The master’s written order determined that he retained jurisdiction over the matter, ordered BB&T to identify the person who was the keeper of payments and disbursals made on the Kidwell account, and ordered that person to be a witness at the merits hearing. From this order, BB&T appeals.
BB&T argues the master erred in ordering BB&T to identify the person who was the keeper of payments and disbursals made on the Kidwell account and in ordering that person to be a witness at the merits hearing. Specifically, BB&T contends that because Franklin never appealed from the master’s order on remand, the dates set in that order and the amount owed became the law of the case. We agree.
“An unappealed order becomes the law of the case. ‘A portion of a judgment that is not appealed presents no issue for determination by the reviewing court and constitutes, rightly or wrongly, the law of the case.’” McCall v. State Farm Mut. Auto Ins. Co., 359 S.C. 372, 378, 597 S.E.2d 181, 184 (Ct. App. 2004) (citations omitted).
In this case, Franklin never appealed from the master’s order on remand, which (1) held Franklin was liable on interest that accrued, not only through August 29, 2002, but through the date BB&T received written notice of the conclusion of any appeal from that order, and (2) ordered Franklin to hold all rents from the property in trust pending a further order or immediately pay over rents to BB&T for payment of the principal, interest, and attorney’s fees due. Because Franklin never appealed from this order, Franklin is liable on the interest that accrued through October 15, 2002, the date Franklin notified BB&T in writing that he abandoned his appeal.
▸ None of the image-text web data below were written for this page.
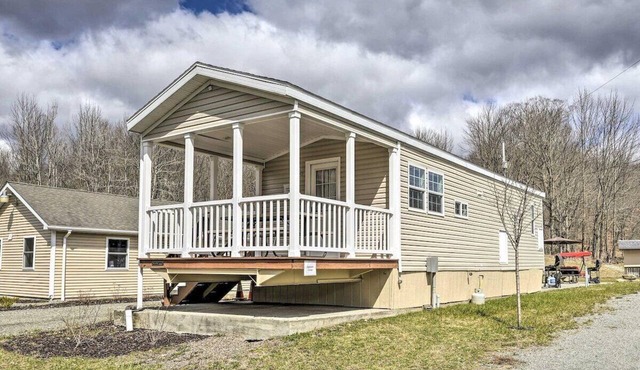 Privacy, Serene · Poconos Retreat in Pleasant Mount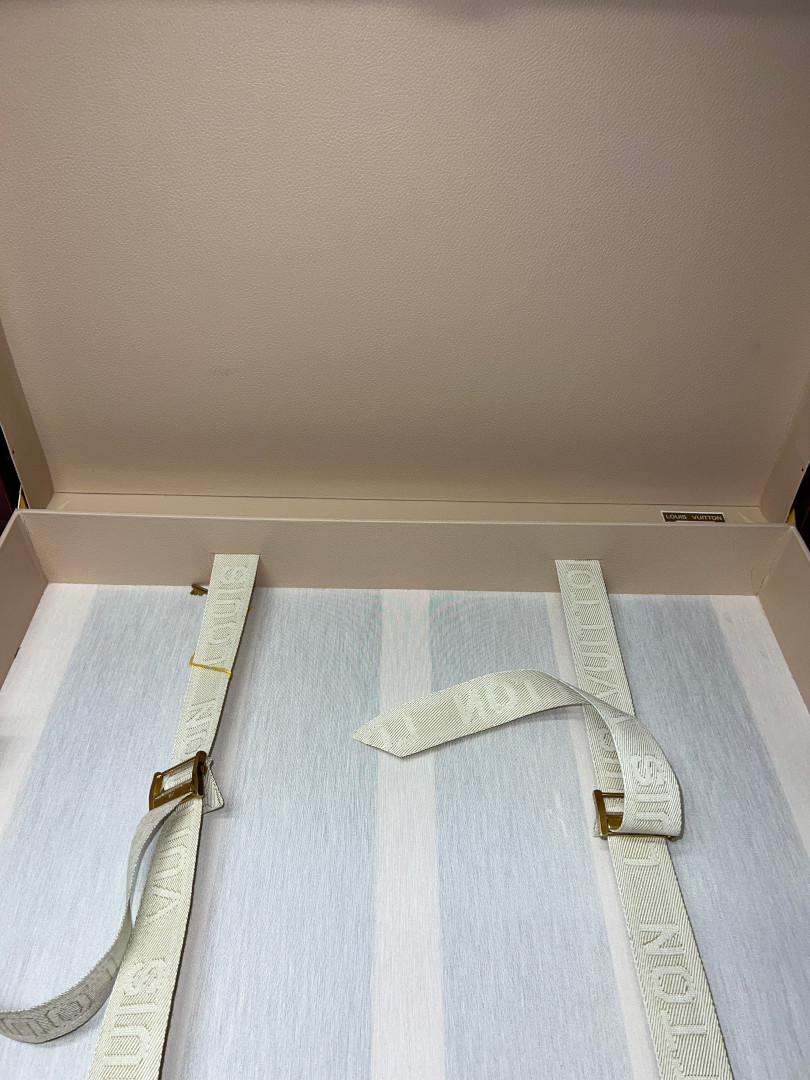 49046-LouisVuitton-Koffer-Monogram_2D_0017 LOUIS VUITTON BISTEN 65 KOFFER AUS MONOGRAM CANVAS (M21325)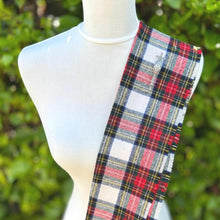 Carica l'immagine nel visualizzatore di Gallery, Rare Vintage Iona Silver Ouroboros And Dragon Celtic Sword & Shield Kilt Pin. Scottish Sterling Silver Zoomorhic Brooch/Tartan/Plaid Pin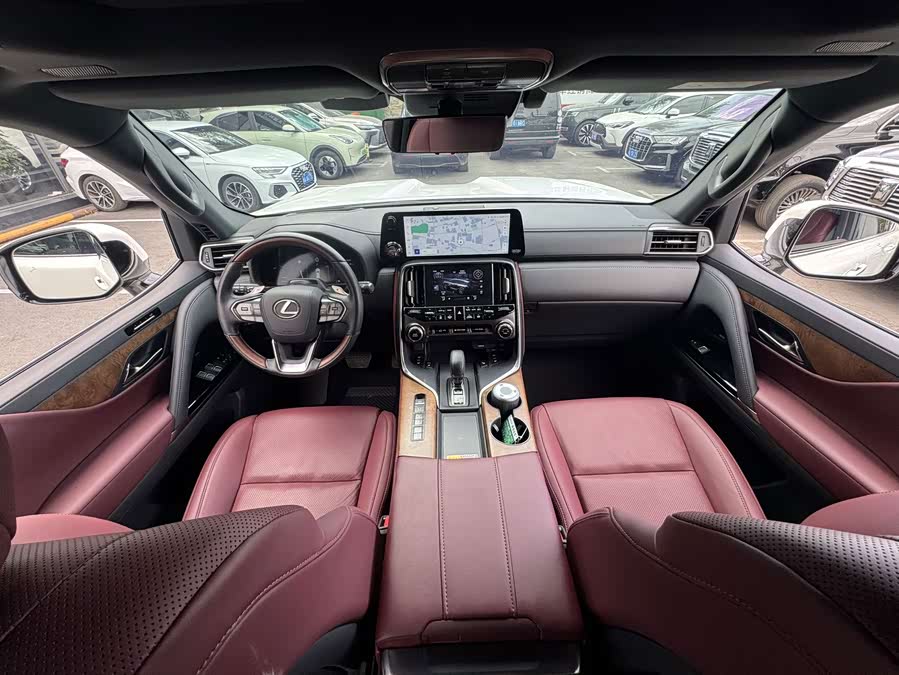 Lexus LX 2025 700h Executive - zdjęcie 13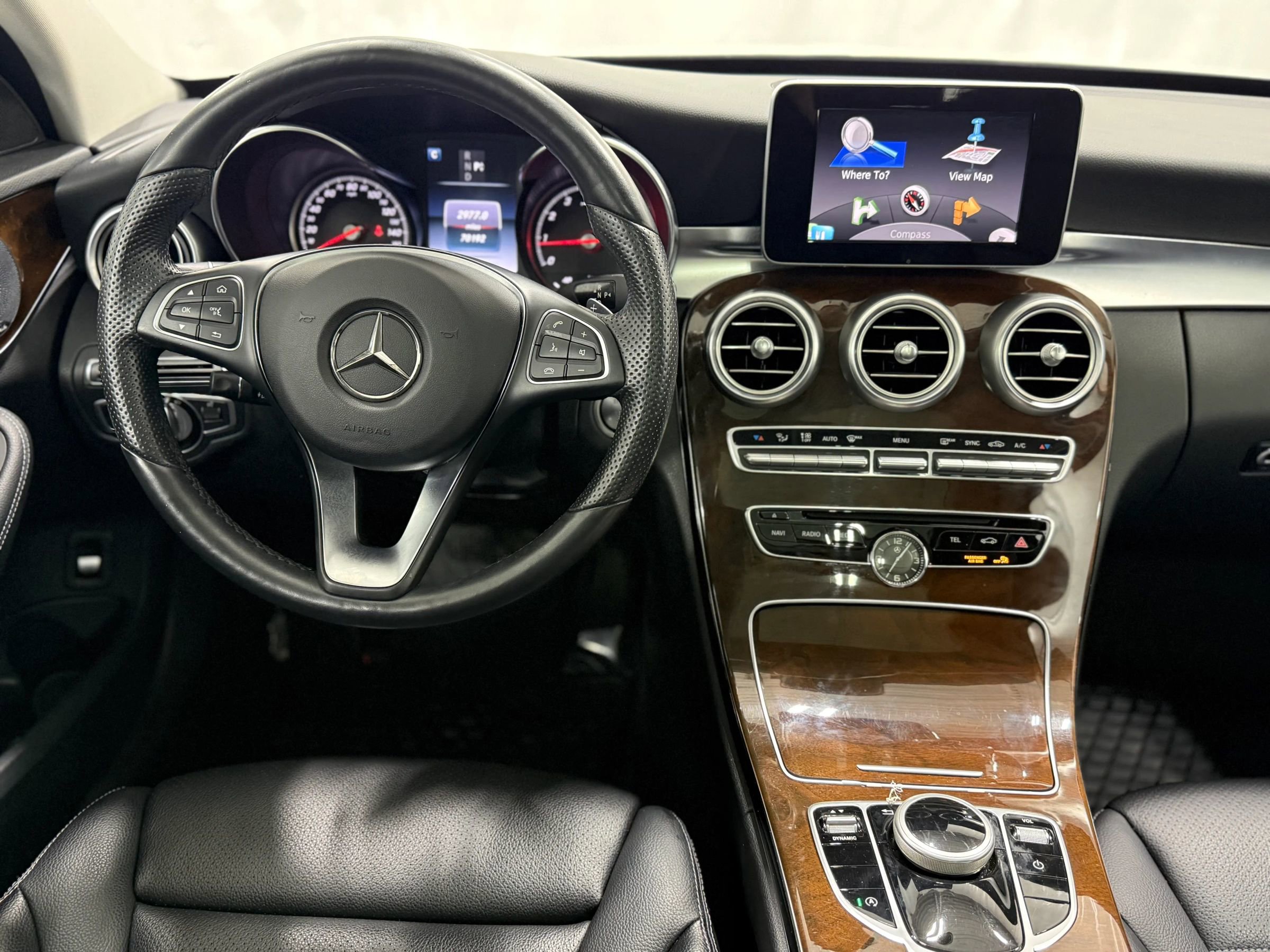 Used 2017 Mercedes-Benz C 300 4MATIC Sedan image 22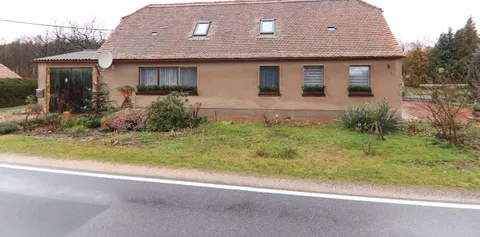 Einfamilienhaus mit Anbauten und Nebengebäuden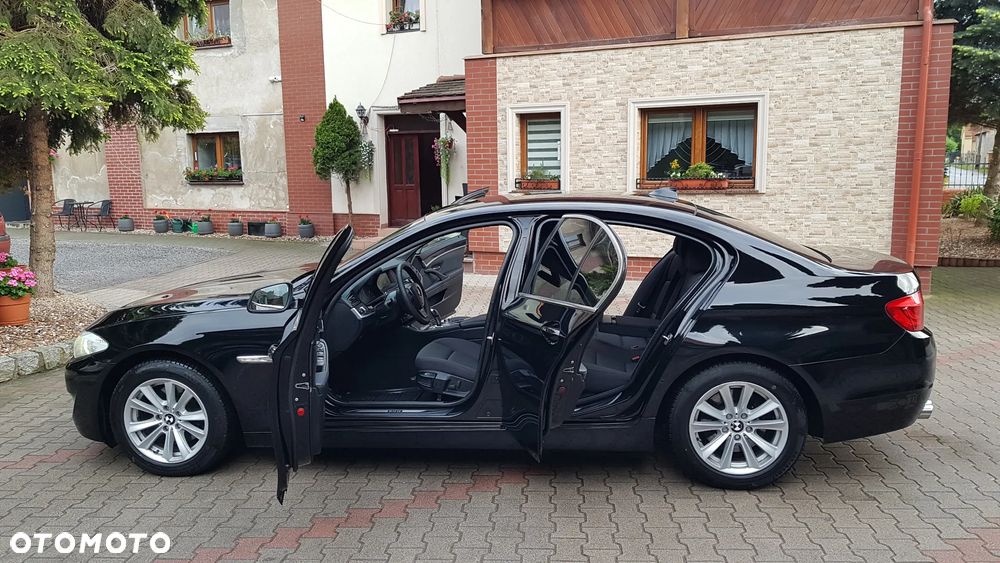 BMW Seria 5 520d Modern Line - 32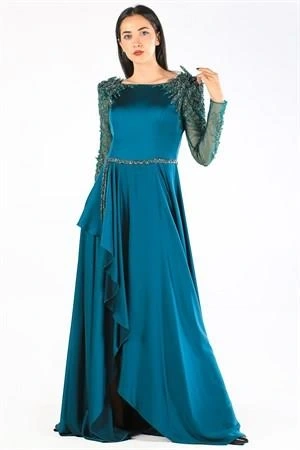 Kenzel Omuz ve Kol İşlemeli Zümrüt Saten Tesettür Abiye Elbise (KENZEL-1053)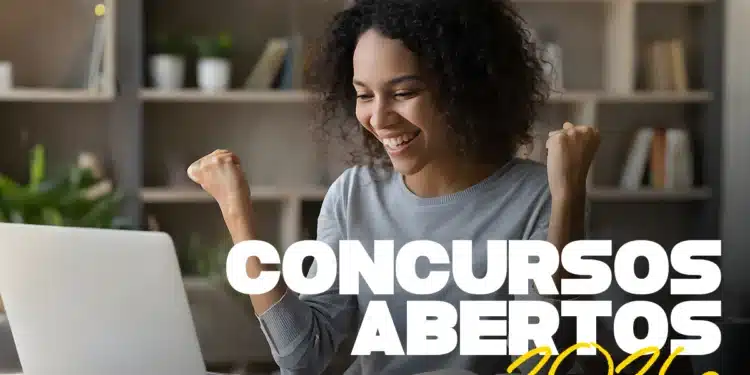 Mulher comemorando aprovação ou inscrição em concursos públicos abertos em 2026 pelo computador.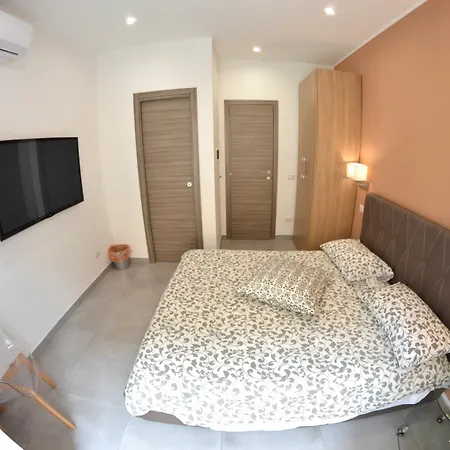 Capo Luxury 2*
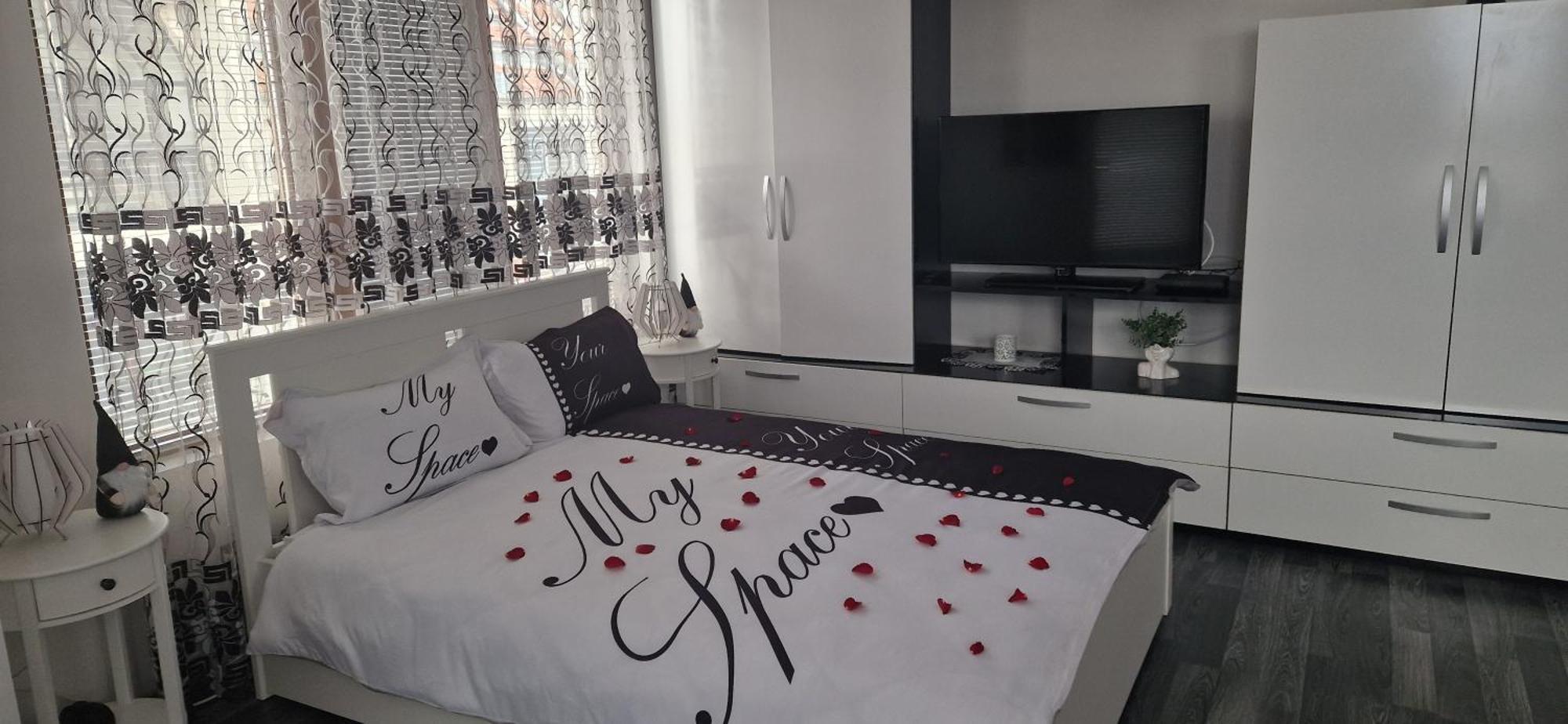 Black And White Apartment Karlovo Buitenkant foto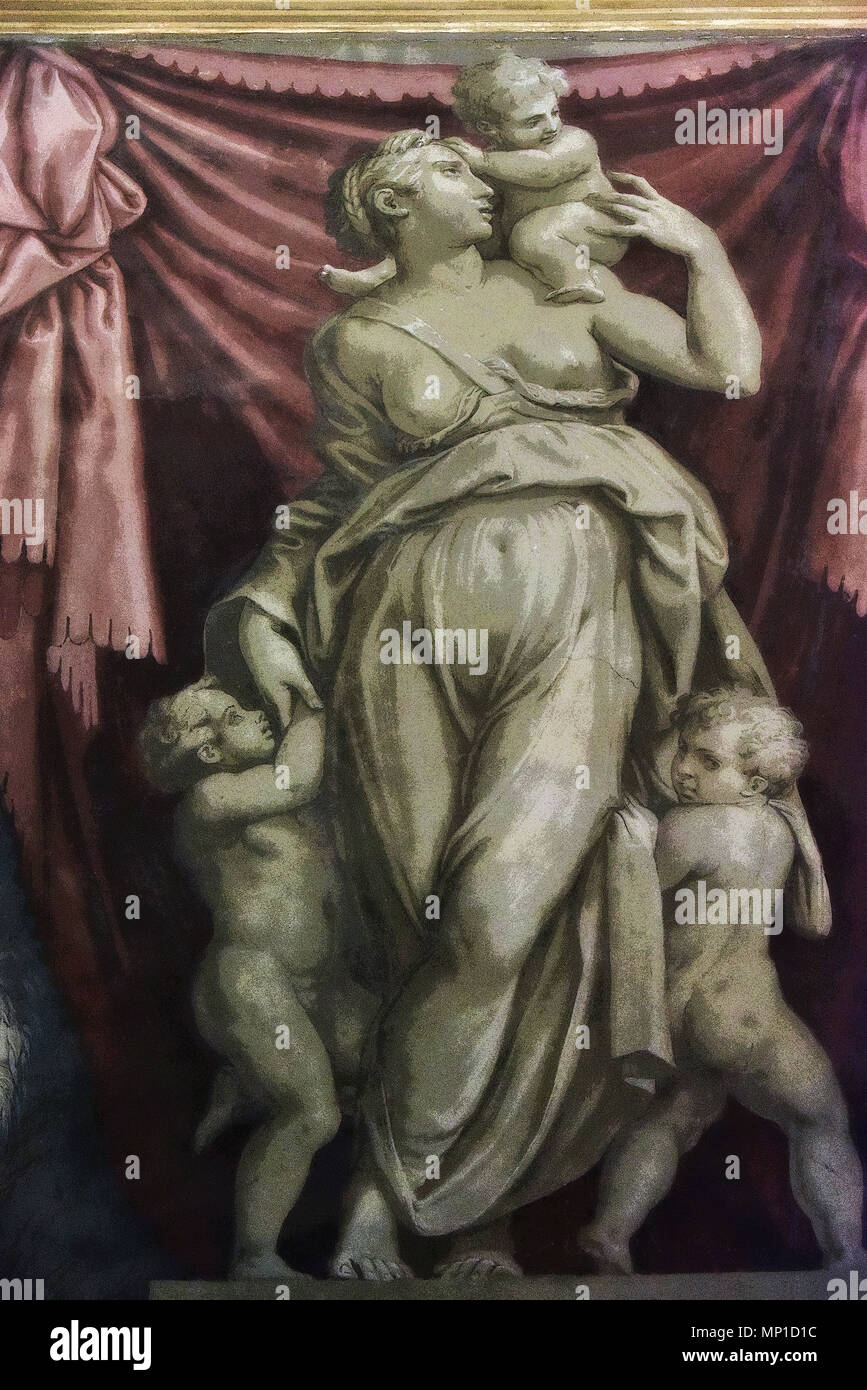Casa di Giorgio Vasari, détail, 'Statue' grisaille peinte de femme allégorique (fertilité) et les bébés (rendu en PS), Arezzo, Toscane, Italie Banque D'Images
Moreover, Franklin was obligated by that order to hold all rents in trust for payment of his liability. The date that payment was made on the mortgage was simply irrelevant in light of this order.
Any argument Franklin had concerning the date payment was made on the mortgage and its effect on the amount he owed to BB&T in rents should have been raised on appeal from the order on remand. Because Franklin did not appeal from the order on remand, it is the law of the case. See id. Therefore, the master erred in ordering BB&T to provide any information or witnesses concerning the mortgage payments and disbursals.
HEARN, C.J., GOOLSBY and WILLIAMS, JJ., concur.
 We decide this case without oral argument pursuant to Rule 215, SCACR.
 Franklin’s response does not appear in the record on appeal.
 We decline to address BB&T’s remaining issues on appeal. See Futch v. McAllister Towing of Georgetown, 335 S.C. 598, 613, 518 S.E.2d 591, 598 (1999) (finding that an appellate court need not address remaining issues when disposition of prior issue is dispositive).